[Short descriptive text snippets]
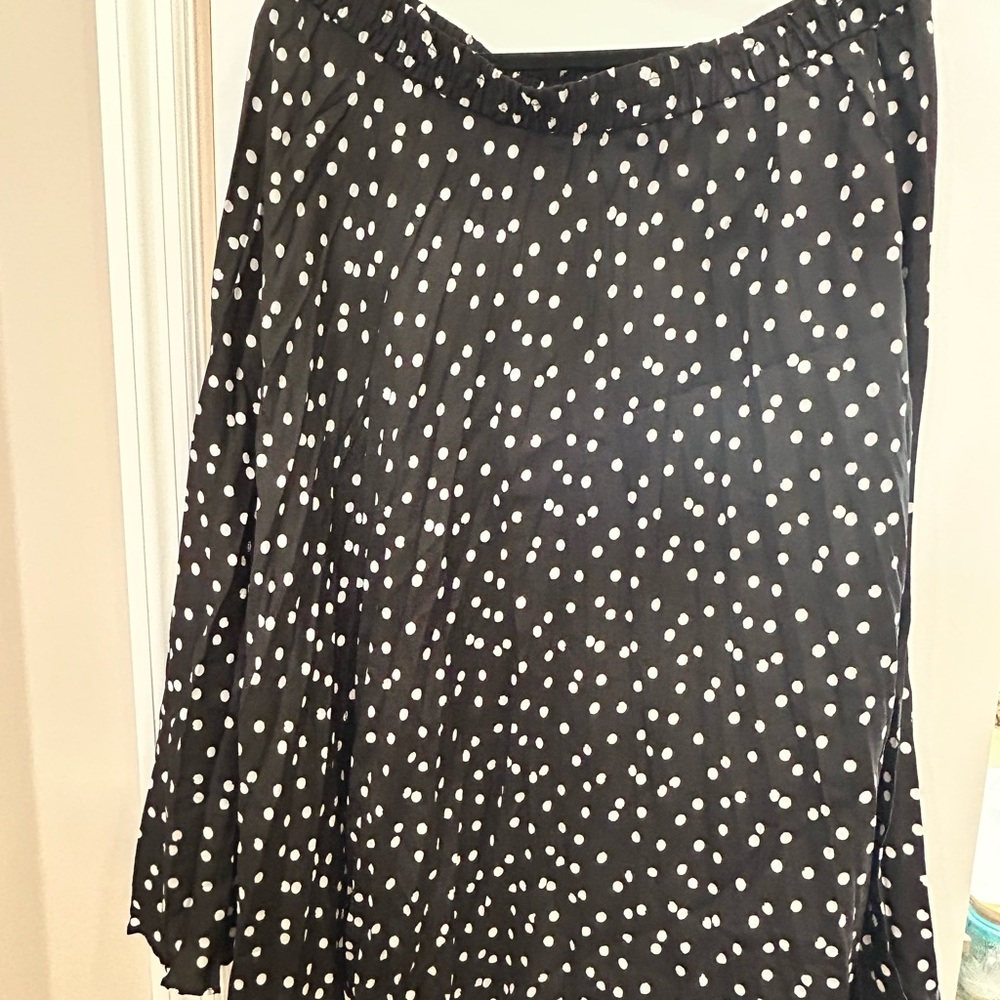 Time and Tru Black Skirt with White Dots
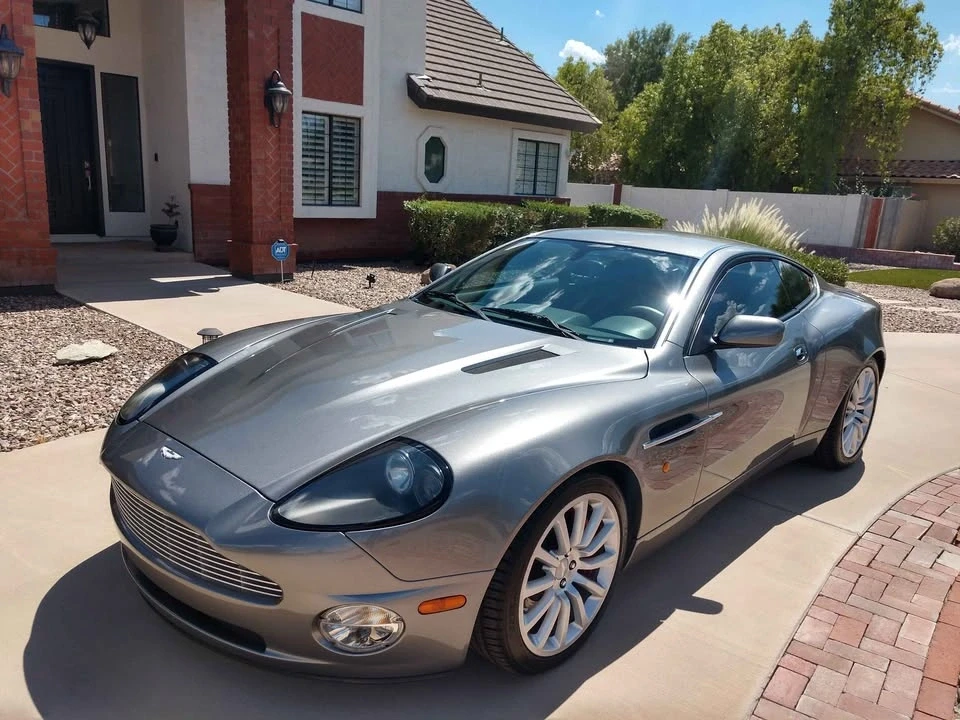 2003 Aston Martin Vanquish 1st Gen - Image 2 of 20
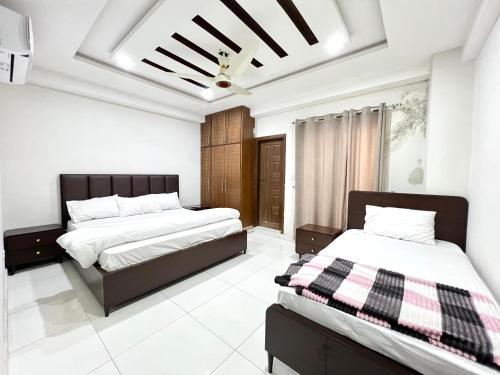 1Bedroom Hall and Kitchen Entire Flat Main ISB - image 7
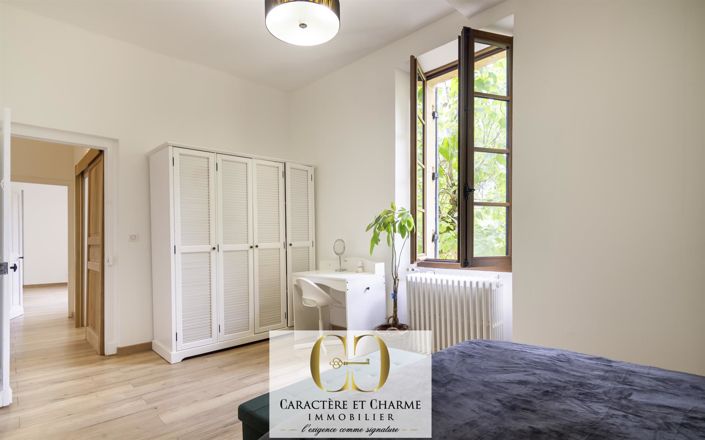 Image No.12-5 Bed House for sale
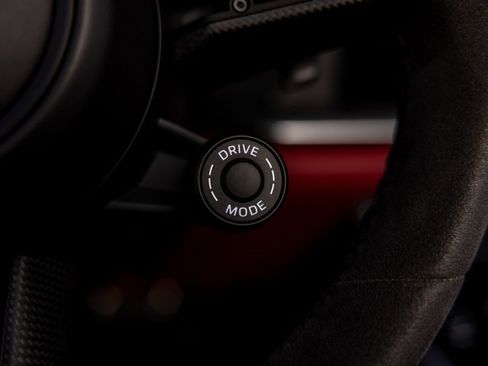 Used 2021 Porsche 911 Turbo image 43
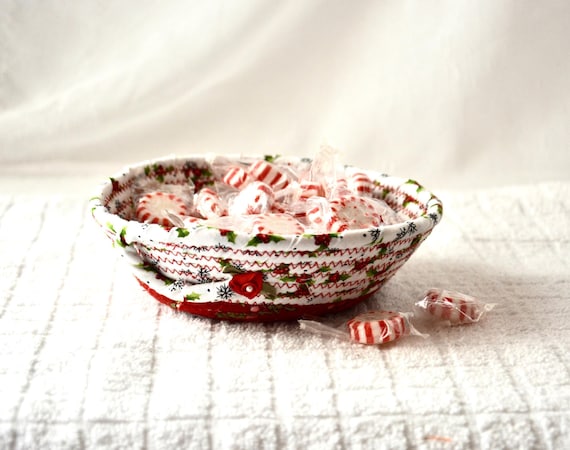 Christmas Candy Bowl, 1 Handmade Fabric Rope Basket, Cute Holly Berry Potpourri Holder, Red Key Bowl, Holiday Decor, Trinket Ring Dish Tray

* [WHAT NEEDS TO BE DONE]
The entries are to be restated word for word, and no picture should appear in the copy.

* [TASK OUTPUT]
 Time and Tru Black Skirt with White Dots
 2003 Aston Martin Vanquish 1st Gen - Image 2 of 20
 1Bedroom Hall and Kitchen Entire Flat Main ISB - image 7
 Image No.12-5 Bed House for sale
 Used 2021 Porsche 911 Turbo image 43
 Christmas Candy Bowl, 1 Handmade Fabric Rope Basket, Cute Holly Berry Potpourri Holder, Red Key Bowl, Holiday Decor, Trinket Ring Dish Tray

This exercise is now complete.